There’s a long line of brothers and sisters in Christ who together have led me to faith, taught me faith, showed me faith, encouraged my faith, nurtured my faith, prayed for my faith, and helped me persevere with faith through hard days when I’ve been tempted to lack or lose faith altogether. And that, in a sense, is the whole point of this three-week series—”In This Together”—to stop for a moment, look each other in the eye, and say, “We need each other.” I need you for my faith. You need me for your faith. We need each other in this world if we’re going to make it to the next world. 

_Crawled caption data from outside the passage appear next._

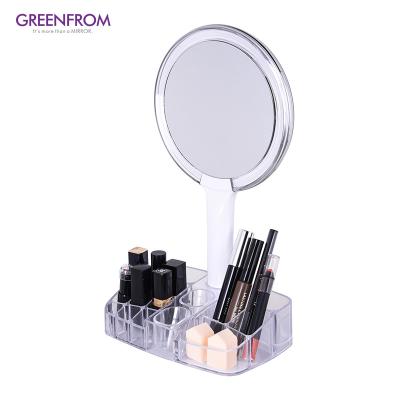 China Desk Lighted Around Standing Led Makeup Mirror Adjustable Led Cosmetic Mirror With Storage Shelf for sale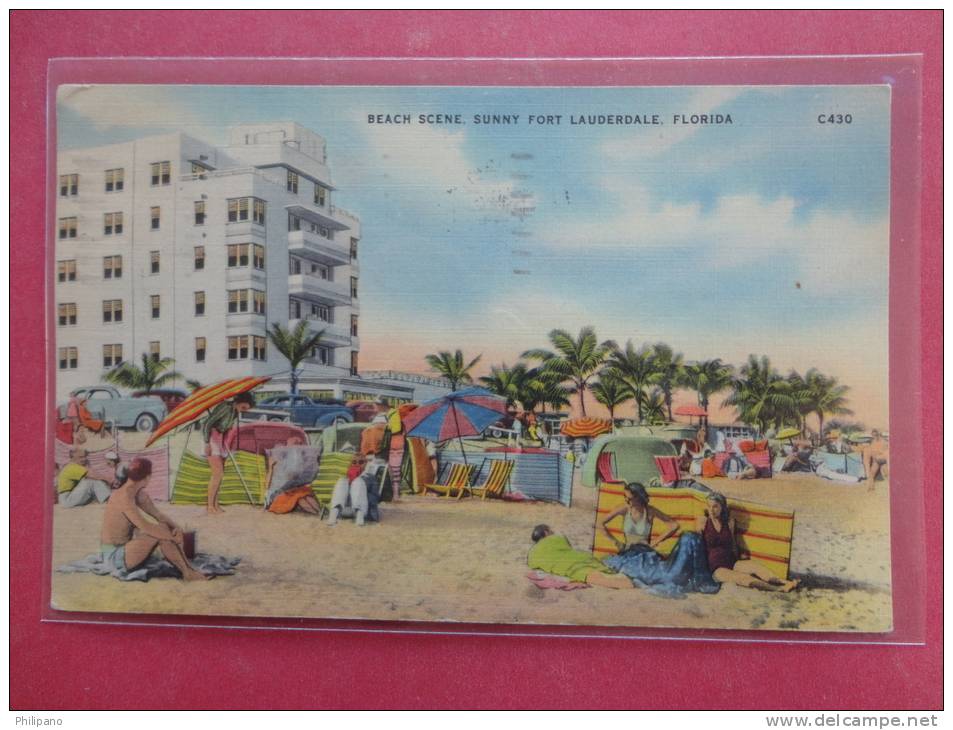 - Florida > Fort Lauderdale  Beach Scene  Linen 1943 Cancel Stamp Fell Off-----           -----------  Ref 808 - Fort Lauderdale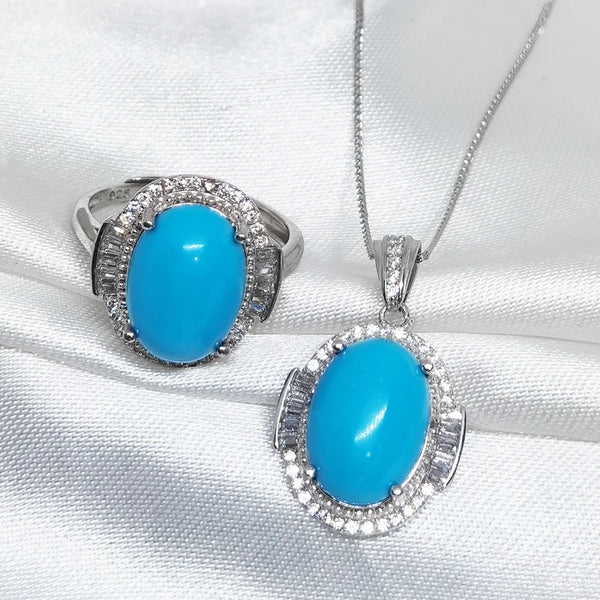 925 Sterling Silver Turquoise Gemstone Jewelry Set for Women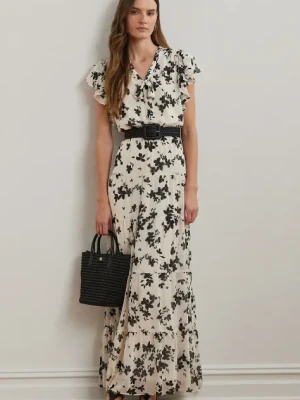 Lauren Ralph Lauren sukienka kolor czarny maxi rozkloszowana 200963677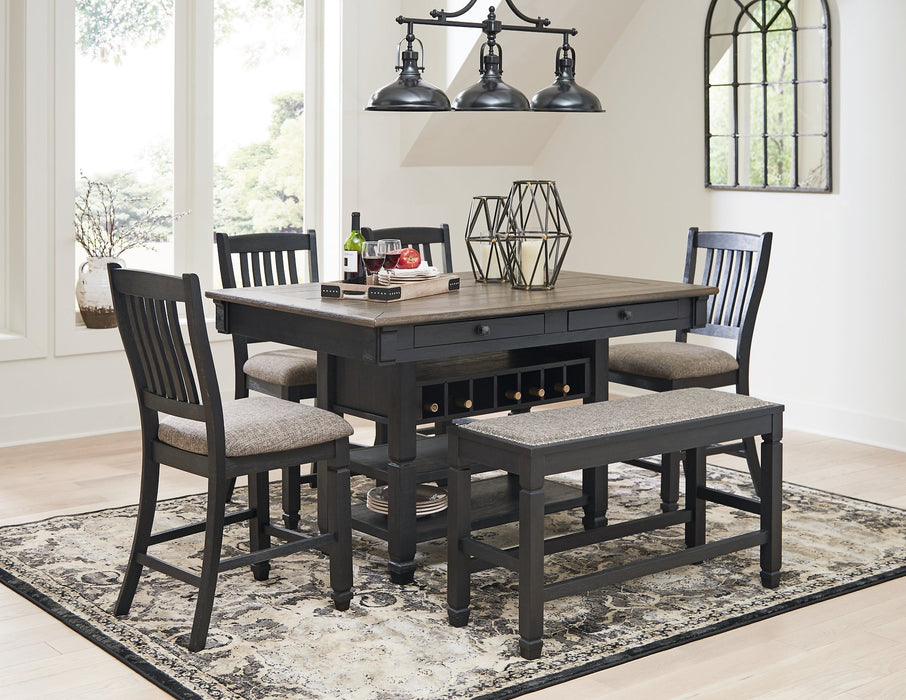 Tyler Creek Black/Grayish Brown Counter Height Set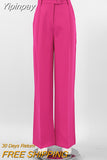 Yipinpay Rose Pink Elegant Pleated Pant Women Spring 2023 High Waisted Wide Legs Pants Casual Ladies Office Floor-Length Pant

Last week, Eric walked us through Hebrews 10:19–22 to show us how we need each other in order to draw near to God. As I was listening to him preach, I was thinking, Yes, this is what we’re here for in each other’s lives. I want the effect of my relationship with you to be you drawing closer to God, and I want the effect of your relationship with me to be me drawing closer to God. Let’s be the kind of people in each other’s lives that, simply because we’re around each other, we’re drawing nearer to God. 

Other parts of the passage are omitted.